La premonición más clara y enfática de la novela la tiene el propio Mancino en el cuarto capítulo cuando predice a Behaim que volverá a ver a su «Anita»: «Y recordad lo que os digo: temo que las cosas tendrán un final desastroso para la muchacha. En ese caso también lo tendrá para vos, os lo advierto. Y quizás también para mí».

Esta triple profecía se cumple en la novela: para el futuro «Judas» Behaim, para Niccola que pierde a su amado, y para Mancino que pierde su vida. Que Mancino formule tan ambiguamente el pronóstico que se refiere a sí mismo, guarda sin duda relación con el estribillo de su balada: «Lo conozco todo, menos a mí».

El caso más interesante de una premonición se encuentra en la conversación entre Behaim y el pintor D'Oggiono que en el capítulo cuarto aparece pintando unas bodas de Cana. Behaim piensa en un reencuentro con su «Anita» y reflexiona sobre lo que le dirá cuando llegue esa ocasión. En ese momento, D'Oggiono, que está terminando la imagen del Salvador, cita las palabras de Jesús, «¡Mujer, qué tengo yo que ver contigo!» (Jun.2, 4). «Behaim miró atónito a D'Oggiono que había pronunciado esas palabras en voz alta, parecía como si por obra de magia D'Oggiono hubiese leído la pregunta en su frente y la hubiese contestado siguiendo una intuición» -se siente aliviado cuando el pintor aclara la situación. En el capítulo decimotercero Behaim explica al maestro Leonardo y a sus discípulos cómo ha conseguido cobrar la deuda de Boccetta valiéndose de una artimaña. Cuenta cómo tomó de Niccola el dinero de su padre, cómo la despidió y cómo ella le llamó una «mala persona»: «Pero yo pensé en las palabras que vos -se dirigió a D'Oggiono y señaló el arca con la representación de las Bodas de Cana- dejáis pronunciar al Salvador en esa boda: "¡Mujer, qué tengo yo que ver contigo!". Y le mostré la puerta».

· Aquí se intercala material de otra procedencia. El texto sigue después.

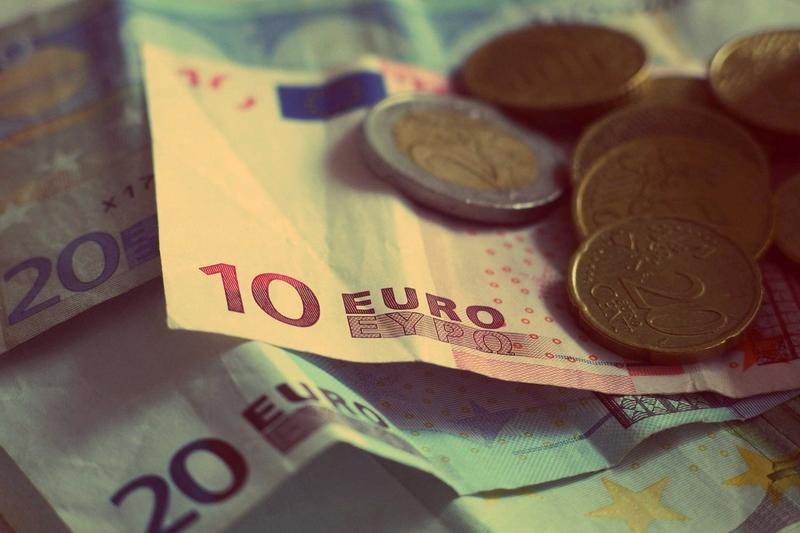 Sortir sa carte bleue ou son porte-monnaie, ce n'est bien que lorsque l'on est sûr de son choix en matière d'accordeurs pour ukulélés.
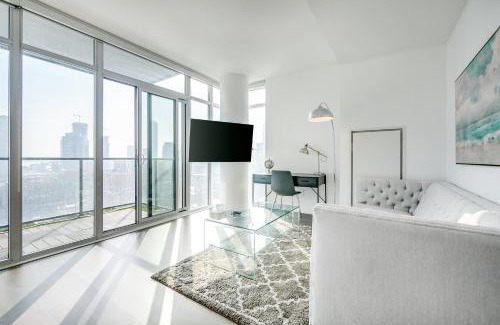 Old Town Apartamento | Epic 2BR Condo with Panoramic CN Tower & City View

En la primera utilización, la cita del evangelio de San Juan no contiene ninguna premonición -Behaim comete un error de asociación al interpretarla como respuesta a una pregunta que ni siquiera ha formulado en voz alta. Sólo cuando recuerda más tarde la cita y la repite ante Niccola, convierte la primera utilización en la premonición del final de un amor que todavía no ha comenzado.

4

Oh vana gloria delle urnane posse!

DANTE, Purgatorio, 11 canto, v. 91

En el capítulo duodécimo del Judas de Leonardo se le concede al chambelán Antonio Benincasa el honor de «poder recitar al sufriente duque los versos de Dante», y lee aquellos versos del canto undécimo del Purgatorio donde el iluminador de libros Oderisi da Gubio, refiriéndose a su arte, lamenta con palabras elocuentes la vanidad de la fama terrenal. En este pasaje de la novela se aborda abiertamente el tema que en la acción cambiante en torno al dinero, el amor y el arte permanece más bien en un segundo plano, y que, sin embargo, constituye un tema principal permanente: la vanidad de las cosas. En una escena burlesca de la novela, el cerero formula el tema con la expresividad propia de su ámbito vitaclass="underline" «Después de la muerte, el mayor destructor es el tiempo, y al vinagre no se le nota que también fue vino un día», y antes de morir Mancino insta así a sus amigos: «Os pido que lloréis mis días perdidos, han pasado tan veloces como la lanzadera del tejedor».

El tema de la vanidad de las cosas se acentúa eficazmente por medio de la estructura cronológica de la novela que arranca en el año 1498 con los sombríos presentimientos del duque Ludovico Sforza y cuya acción principal tiene lugar ese año; su último capítulo se desarrolla, sin embargo en 1506, cuando las visiones angustiosas del duque ya se han hecho realidad. Al final de la novela, cuando Behaim regresa a Milán, es como si llegase a otra ciudad y otra época; aparte de Niccola y su marido, el escultor Simoni, Behaim no encuentra a ninguno de los antiguos personajes de la novela, y a aquellos dos, no los reconoce. Con este final los acontecimientos lejanos acaecidos en la suntuosa corte de Ludovico Moro adquieren el carácter de pérdida irrecuperable. Pero ya durante esa etapa brillante hay indicios inconfundibles del carácter efímero de la buena vida de Milán, como pone de manifiesto la visión del exilio de Leonardo: «[…] y se vio en un país extranjero, muy remoto, sin amigos ni compañeros, sin hogar, solo y en la mayor indigencia dedicado a las artes y las ciencias». Pero el problema de la falta de patria afecta también a otras figuras de la novela. Sin duda el prototipo del apatrida es Mancino, el poeta sin memoria que una veces fantasea «que es el hijo de un duque o de algún otro noble», que otras se queja «de no haber sido nunca más que un pobre vagabundo, de haber soportado mucha hambre, frío y otras calamidades y de haber pasado rozando la horca en varias ocasiones». Incluso el avaro Boccetta es un hombre, «que perteneció antaño a la nobleza de la ciudad de Florencia». El poderoso duque Ludovico Moro, cuya corte es el escenario de los capítulos primero y duodécimo, termina, lejos de la patria, en una prisión francesa; el mentor del príncipe ducal es «un griego que se había convertido en apatrida tras la caída de Constantinopla», y hasta Behaim reconoce en la única etapa simpática de su vida, es decir, cuando está enamorado, el carácter apatrida de su inquieta existencia: «¡Dios mío, qué vida que he llevado todos estos años! De un lado para otro, a caballo, en barco, a tierras griegas, turcas, moscovitas, luego otra vez a Venecia, a los almacenes. Y de nuevo a los mercados, a las cortes, siempre detrás del maldito dinero».